(Exercise goal):
Your copy should begin at the line containing "Molecules 27 01276 g002" and end at the last line of the records below, matching each line exactly and leaving out pictures.

(Input data):
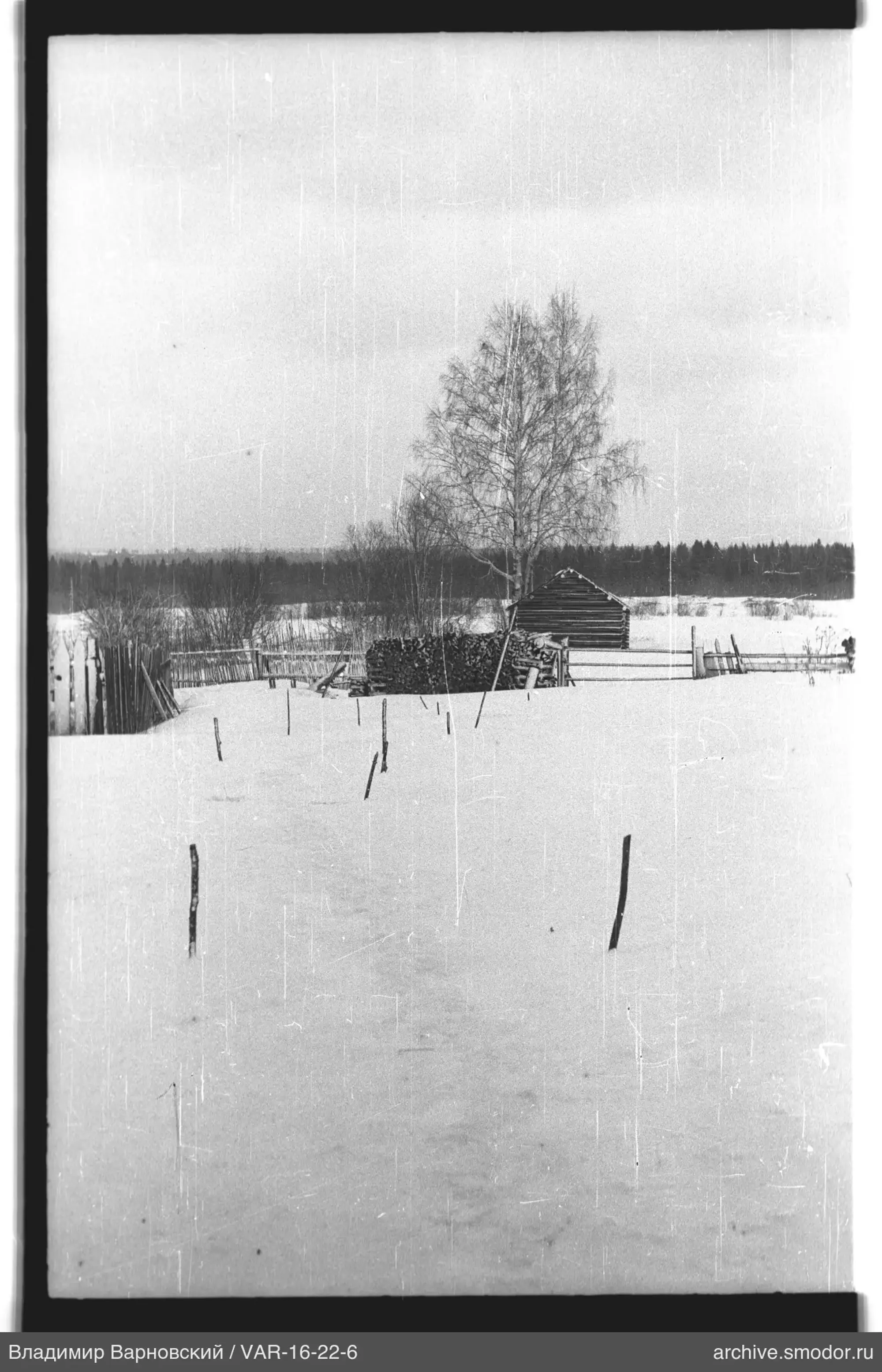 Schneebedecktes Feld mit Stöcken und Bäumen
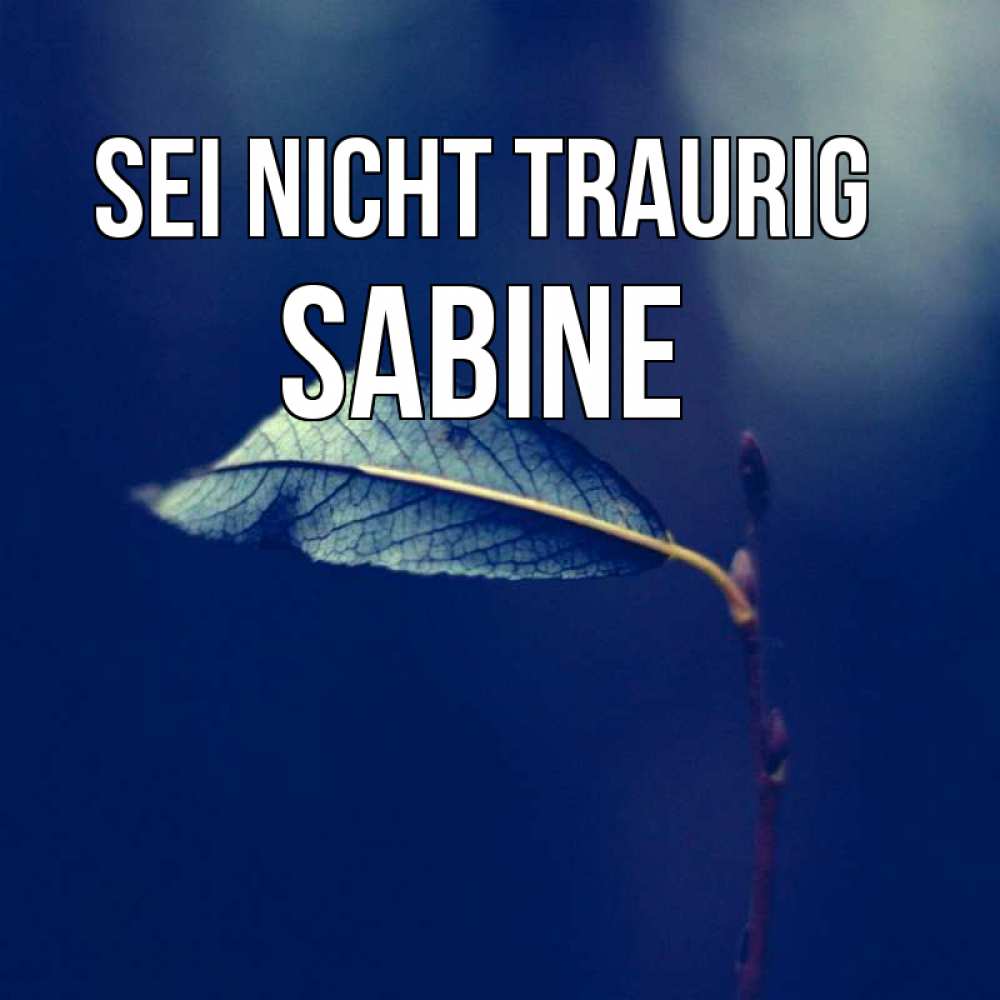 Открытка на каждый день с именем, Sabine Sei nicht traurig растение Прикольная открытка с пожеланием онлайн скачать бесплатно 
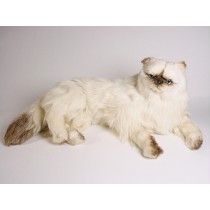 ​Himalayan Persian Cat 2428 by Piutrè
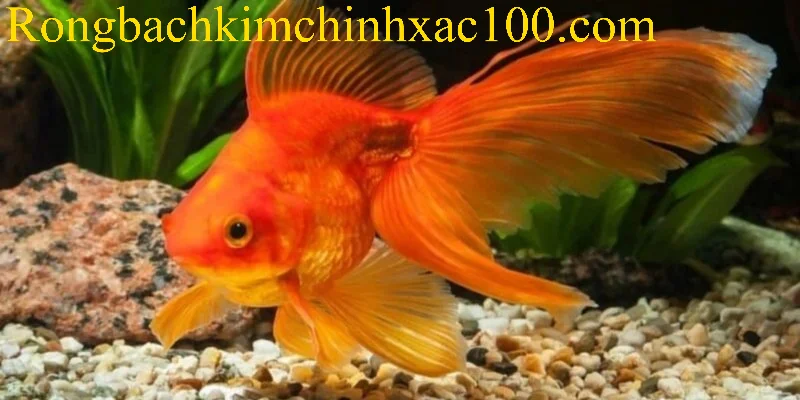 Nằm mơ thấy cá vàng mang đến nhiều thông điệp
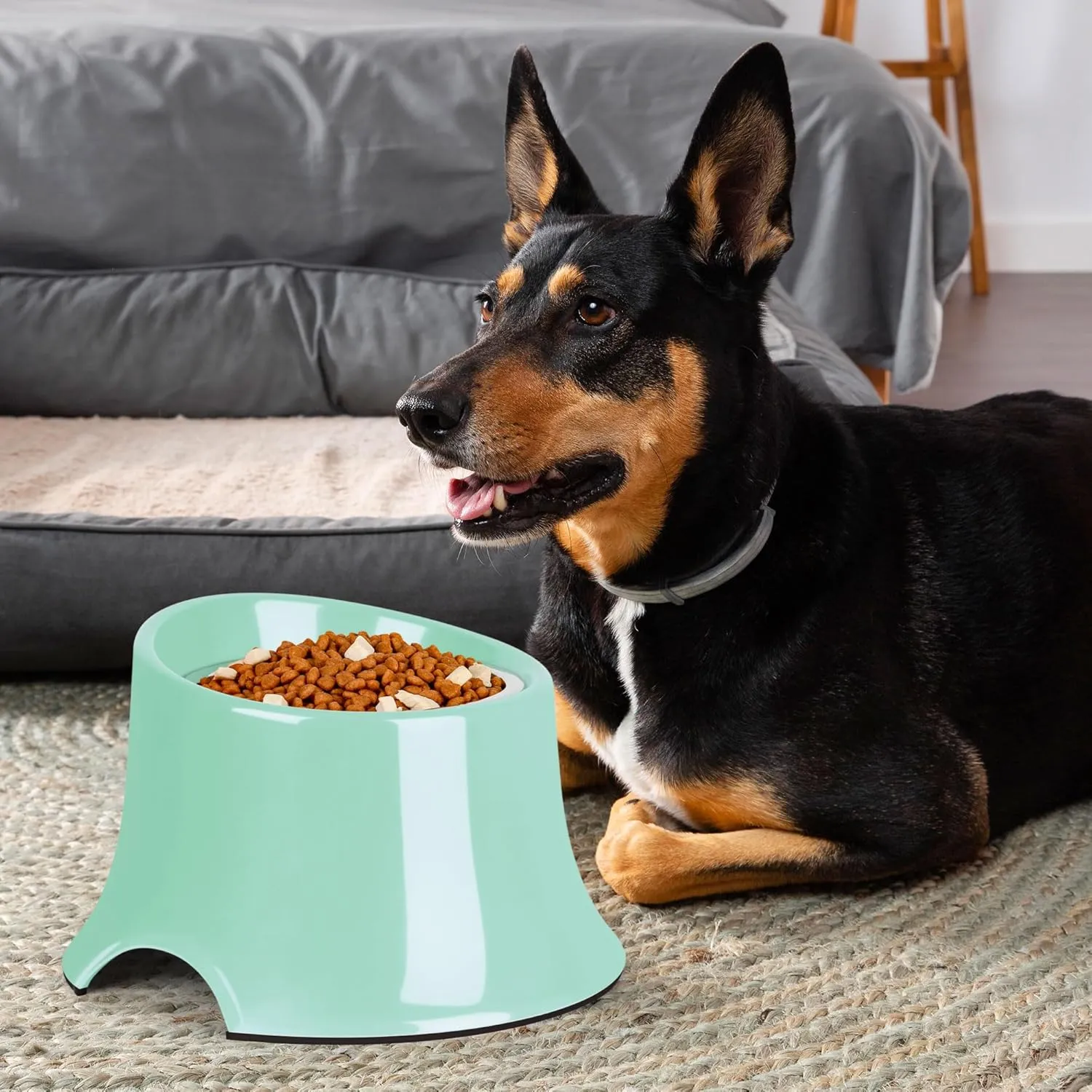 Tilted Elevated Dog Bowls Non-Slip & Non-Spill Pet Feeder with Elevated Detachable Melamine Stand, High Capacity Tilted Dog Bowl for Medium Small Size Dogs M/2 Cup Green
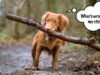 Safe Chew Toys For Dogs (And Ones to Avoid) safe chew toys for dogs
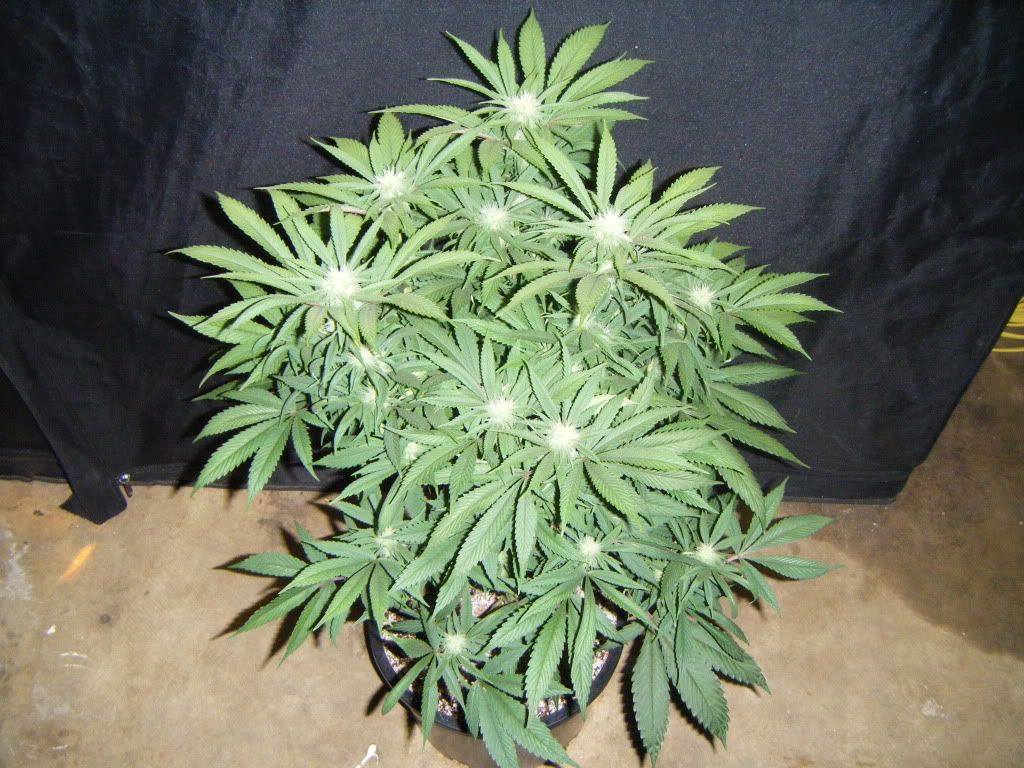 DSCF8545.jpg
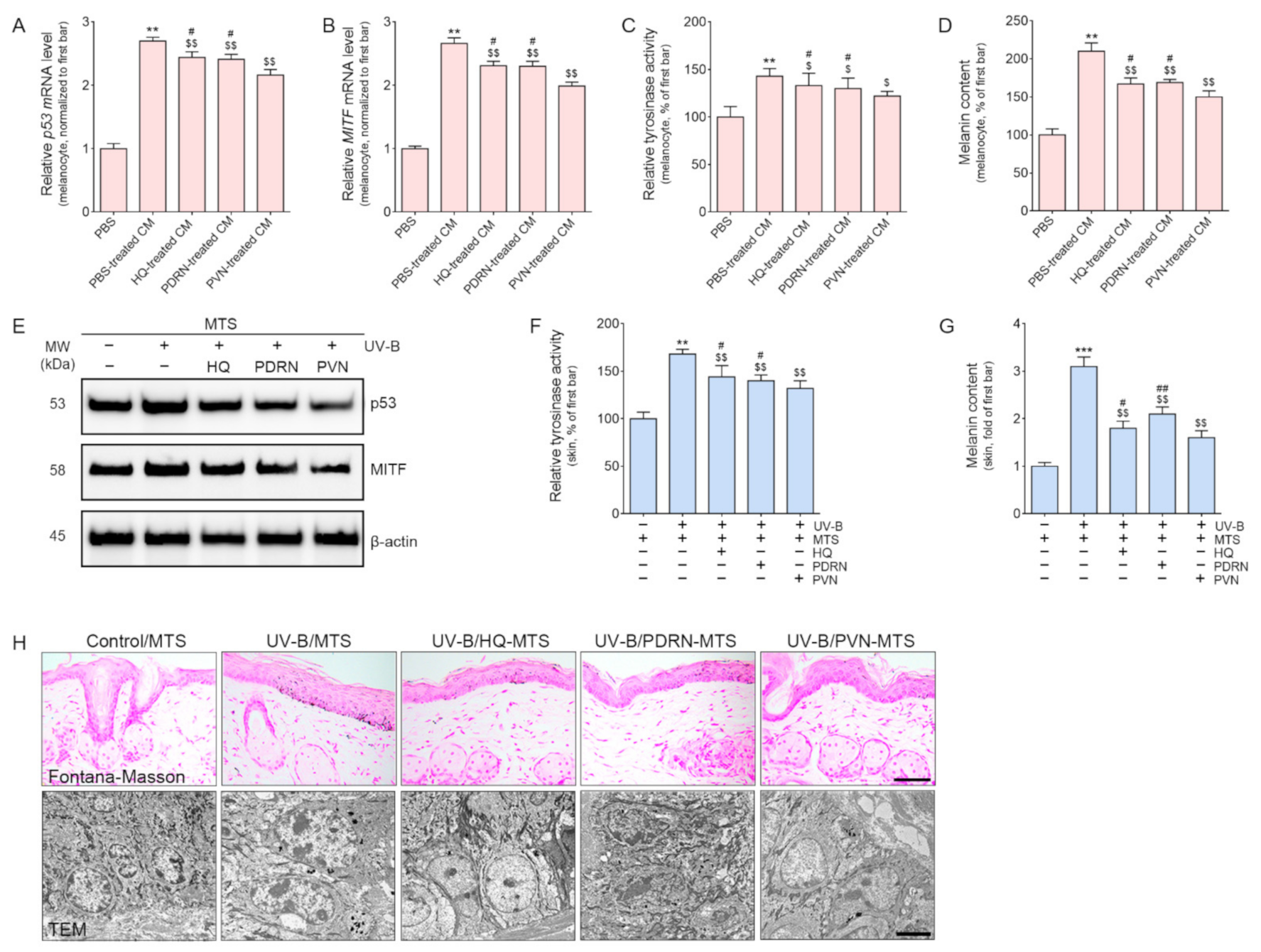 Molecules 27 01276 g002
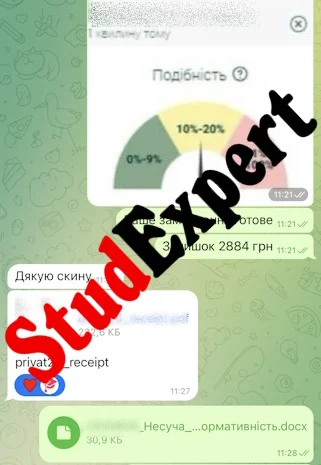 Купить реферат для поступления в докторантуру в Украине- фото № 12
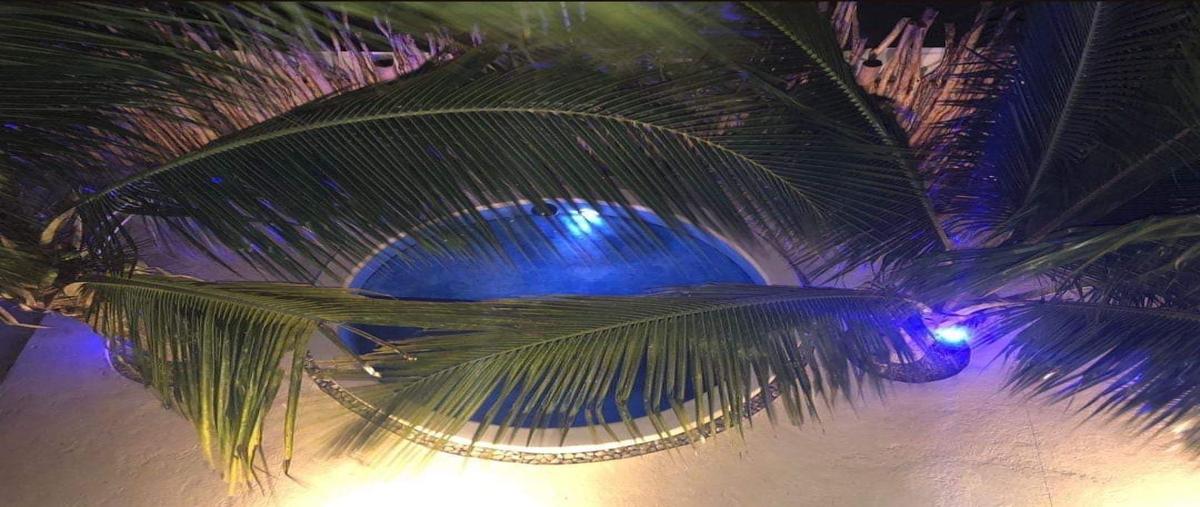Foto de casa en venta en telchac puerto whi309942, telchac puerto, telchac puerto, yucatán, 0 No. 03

(Response to this exercise):
 Molecules 27 01276 g002
 Купить реферат для поступления в докторантуру в Украине- фото № 12
Foto de casa en venta en telchac puerto whi309942, telchac puerto, telchac puerto, yucatán, 0 No. 03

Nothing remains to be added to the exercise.